Comment 8 mariuszb 2016-04-12 12:42:16 UTC
I'm getting fifo empty callback from the video decoder and want to send EOS upstream. So in reality, my case is more complex then I've described. Here's the callstack:

  • #0 gst_base_sink_wait_preroll
    at gstbasesink.c line 2209
  • #1 gst_base_sink_do_preroll
    at gstbasesink.c line 2303
  • #2 gst_base_sink_do_sync
    at gstbasesink.c line 2505
  • #3 gst_base_sink_default_wait_event
    at gstbasesink.c line 3025
  • #4 gst_fun_sink_wait_event_locked
  • #5 gst_fun_sink_wait_event
  • #6 gst_base_sink_wait_event
    at gstbasesink.c line 3040
  • #7 gst_base_sink_default_event
    at gstbasesink.c line 3082
  • #8 gst_fun_sink_on_error

So its my funsink calling 

GST_BASE_SINK_CLASS( gst_nexus_sink_parent_class )->event( &sink->parent, gst_event_new_eos() );

from gst_fun_sink_on_error(), this results in gst_base_sink_default_event() being called, as seen in callstack.

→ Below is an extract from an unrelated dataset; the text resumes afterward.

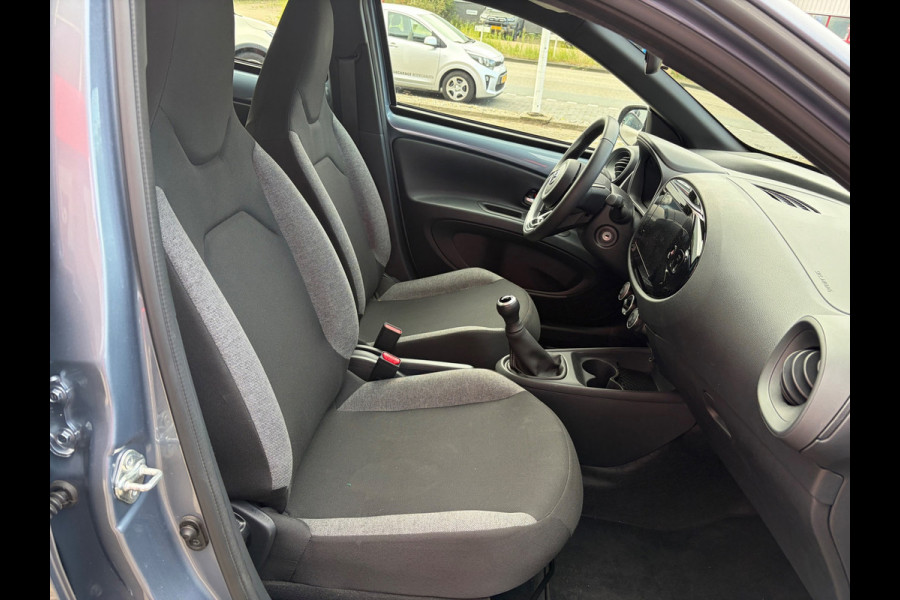 Toyota Aygo X 1.0 VVT-i MT Play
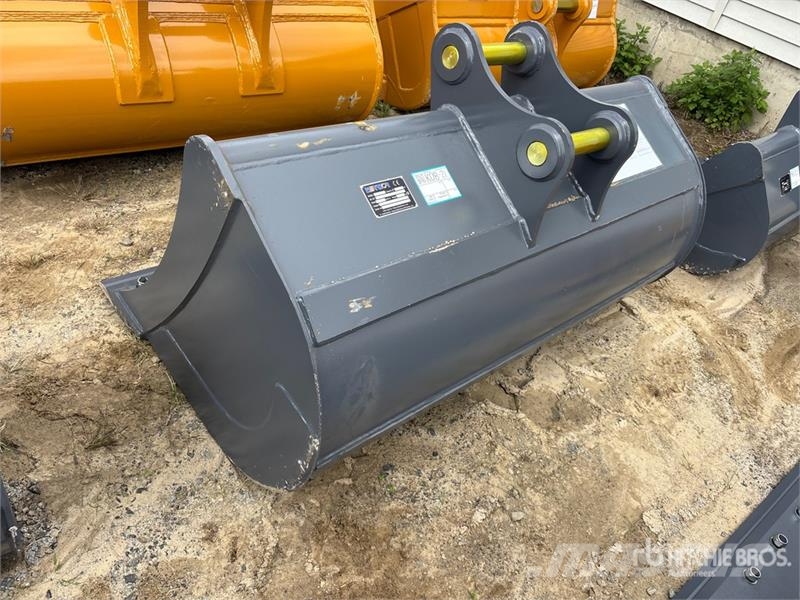 Warrior WBMCC7-1500 59 in Cleanup Excavator Bucket - Fits Kašike / Korpe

I want to send an EOS upstream, and I have a terrible feeling I'm doing it wrong :)
Comment 9 Sebastian Dröge (slomo) 2016-04-12 12:50:00 UTC
EOS should go downstream, not upstream. You could probably use gst_pad_send_event() with the EOS event on the basesink sinkpad here. There's probably a better solution but I don't completely understand your situation yet.
Comment 10 Tim-Philipp Müller 2016-04-12 12:58:14 UTC
A downstream element can return GST_FLOW_EOS to signal upstream elements that they shoul EOS (but this would be aggregated if there are multiple branches). Not sure if that's what you want here though, I'm not sure if I understand the exact context.
Comment 11 A Ashley 2016-04-12 12:59:05 UTC
When GST_EVENT_EOS arrives, we want to let the hardware output drain, so that EOS is not signalled before the output is empty.

In the class_init function of our element we override the wait_event virtual method:
 gstbasesink_class->wait_event = GST_DEBUG_FUNCPTR (gst_fun_sink_wait_event);


The gst_fun_sink_wait_event() function calls the base sink wait_event:

static GstFlowReturn
gst_fun_sink_wait_event(GstBaseSink *basesink, GstEvent *event)
{
  GstFlowReturn ret;
  GstFunSink* sink = GST_FUN_SINK( basesink );

  switch( GST_EVENT_TYPE( event ) ) {
  case GST_EVENT_EOS:
       GST_DEBUG_OBJECT (sink, "End of stream");
       gst_fun_sink_wait_until_empty (sink);
       GST_DEBUG_OBJECT (sink, "End of stream - done");
      break;
  default:
       break;
  }
  ret = GST_BASE_SINK_CLASS( gst_fun_sink_parent_class )->wait_event( basesink, event );
  return ret;
}
Comment 12 Sebastian Dröge (slomo) 2016-04-12 13:00:32 UTC
But for all serialized events your wait_event() is going to be called with STREAM_LOCK and PREROLL_LOCK. See basesink's event function.
Comment 13 mariuszb 2016-04-12 13:41:34 UTC
I think the problem is that in our funsink we do not call straight to event handler in the base class. For the reason explained above, we want the decoder to drain first and only then we call base class ->event() with EOS.
Comment 14 Sebastian Dröge (slomo) 2016-04-12 14:29:21 UTC
But doesn't gst_fun_sink_wait_until_empty() going to wait there, and then from the same thread forwarding the EOS event later?
Comment 15 mariuszb 2016-04-12 15:41:22 UTC
In our use case, which is HLS, if we called basesink event() straight from our funsink_event() then we wouldn't be able to seek or pause for the remaining few seconds of the stream. This is why we've deferred the call to the base class.
When that eventually happens gst_fun_sink_wait_until_empty() will return immediatly becasuse it's already called from decoder fifo empty handler.

We shouldn't be calling gst_fun_sink_wait_until_empty() in the example above because it has no effect.
Comment 16 Sebastian Dröge (slomo) 2016-04-13 06:49:51 UTC
Well, you have to send your EOS event to the pad then so that the normal event handling takes place. Otherwise you have no way of getting basesink do the right thing with all the locks :)
Comment 17 mariuszb 2016-04-15 12:18:05 UTC
It seems to work fine now. Many thanks for clarifying our incorrect usage.